【リオ五輪】痛恨オウンゴールから一夜。励ましあり、イジリあり、手倉森ジャパンの“一体感”に救われた藤春の決意

亀川と岩波が「反省してへんやん!!」とイジれば、中島は「次は俺にアシストして」とメッセージ。

 手倉森ジャパンは現地8月8日、マナウスで練習を行ない、コロンビア戦で痛恨のオウンゴールをしてしまった藤春廣輝は、時折笑顔を見せながらリカバリーのメニューを消化した。
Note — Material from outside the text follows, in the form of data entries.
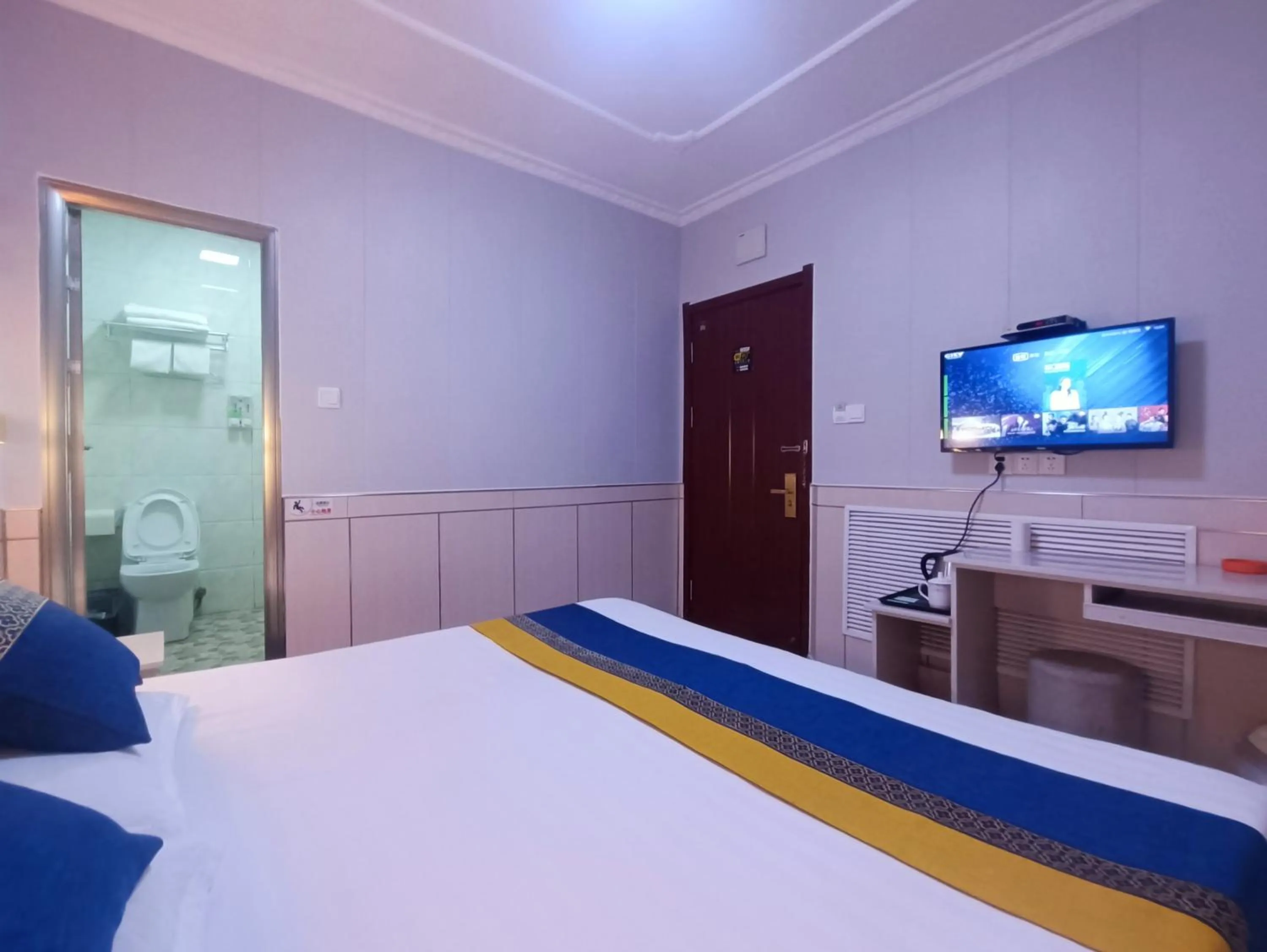 Bed in Qufu Garden Hotel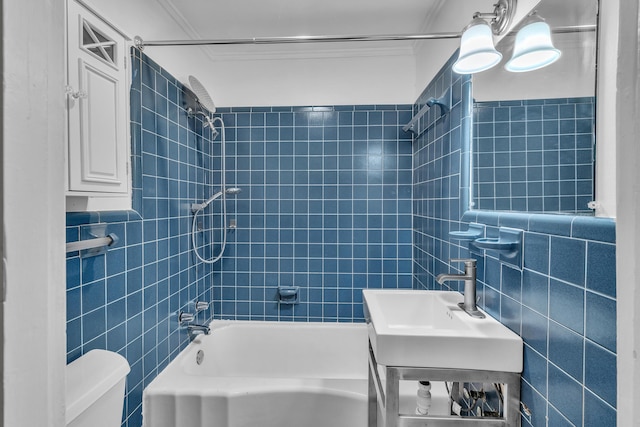 full bathroom with sink, tiled shower / bath combo, toilet, and tile walls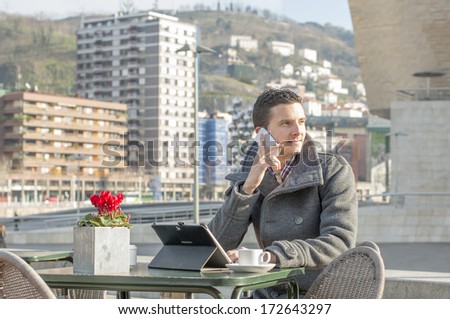 Man laptop computer and talking by phone in public space.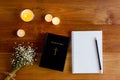 Bible with notebook, candlelight and flower over the wooden background.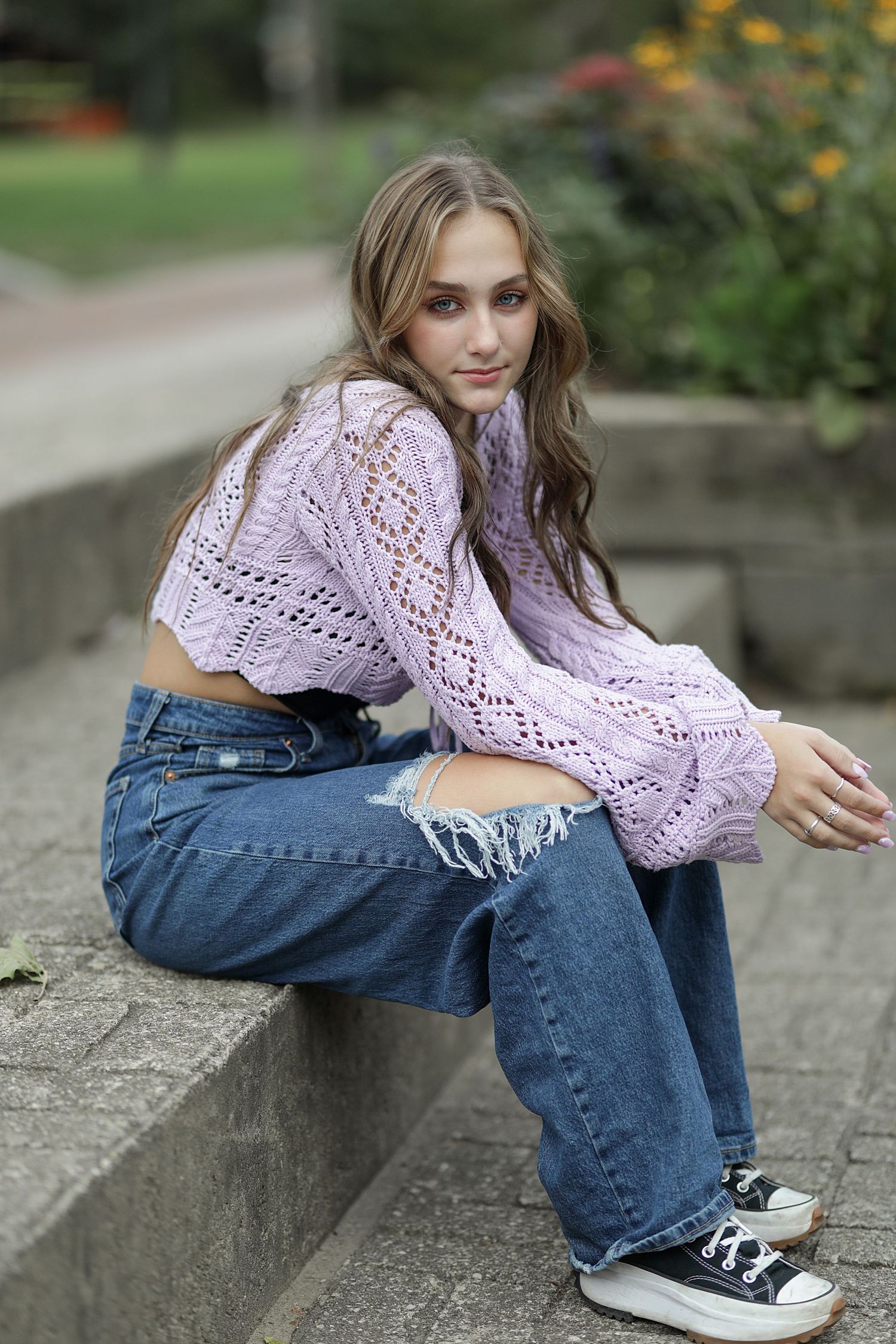 A person sits casually on concrete steps wearing a lavender knit sweater, distressed jeans, and black sneakers.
「あの瞬間はメンタルもだいぶやられたし、そこで終わってしまうところだった」

五輪の大舞台で、サッカー人生初のオウンゴールを犯すショッキングな事態を受け入れ、前を向くことができた背景にあったものとは――。

同日の練習初めにチームで円陣を組んだ際、手倉森監督は敢えて藤春のオウンゴールについて触れ、「カモシカが鉄砲(猟銃)で撃たれたみたいだったな」と “ネタ”にして選手たちの笑いを誘った。そこで、すかさず立ち上がったのが、藤春の両隣にいた亀川諒史と岩波拓也だ。笑っている“先輩”を見て、「反省し てへんやん!!」と突っ込みを入れ、雰囲気を和ませた。

さらに、アトランタ五輪でオウンゴールを経験している秋葉忠宏コーチ(編集部・注/1次リーグ第2戦のナイジェリア戦試合終盤、飛び出したGK川口能活 をかわすように相手が蹴ったボールが、不運にも全速力で守備に戻ってきた秋葉氏の胸に当たりゴールへと吸い込まれた)が、「俺も経験したことがあるんだ よ。気にすることはない」とサポート。コロンビア戦で同点ゴールを決め、敗戦の危機からチームと藤春を救った中島翔哉も「次は俺にアシストして」と声掛け したという。

「嬉しかったですね」

藤春は、手倉森ジャパンの「温かさ」「一体感」を噛み締めるように振り返る。

「周りもだいぶ気を使ってくれていて、みんな声をかけてくれるし、『気にすんな』と言ってくれています。落ち込んでいたらやっていけないので、悔しい想いをするのは試合の時だけにして、しっかり切り替えるしかない。ひとりだけ暗いとチームの空気も悪くなりますから」

「まだ挽回するチャンスはあるし、次のスウェーデン戦で力を見せるしかない」

 藤春に限らず、塩谷司や興梠慎三にしても、「オーバーエイジ選手」として求められるものは高く、責任感や気負いは必然と強くなる。藤春はフランクなキャ ラクターでムードメーカーとして手倉森ジャパンに溶け込んできたが、オウンゴール後は「良い兄貴分で、あんなに盛り上げ役だったヤツが、大人しくて、ただ みんなに付いて行く感じになっていた」(西野朗技術委員長/藤春とは11年にG大阪で監督と選手の関係)。ただ、多くの後押しによって、スウェーデン戦に フォーカスすることができるまで立ち直った。

「あんなオウンゴールをしたら、名前は確実に覚えられたでしょうね。(藤春って)なかなかいない苗字なので(苦笑)。でも、まだ挽回するチャンスはある し、次のスウェーデン戦で力を見せるしかない。翔哉とのコンビネーションでたくさん良い場面を作れたので、攻撃の良い流れを継続していければいいかなと。 チームとして点は取れている分、あとは守備が抑えれば絶対に勝てる。(オウンゴールのような)ああいう場面の判断はしっかりやっていきたい」

この一連の出来事によって、藤春は本当の意味で手倉森ジャパンの一員になったとも言えるだろう。グループリーグ突破を懸けた“世紀の一戦”で背番号4はどんなプレーを見せるのか。試練を乗り越えた先に、ドラマティックなハッピーエンドがあると信じたい。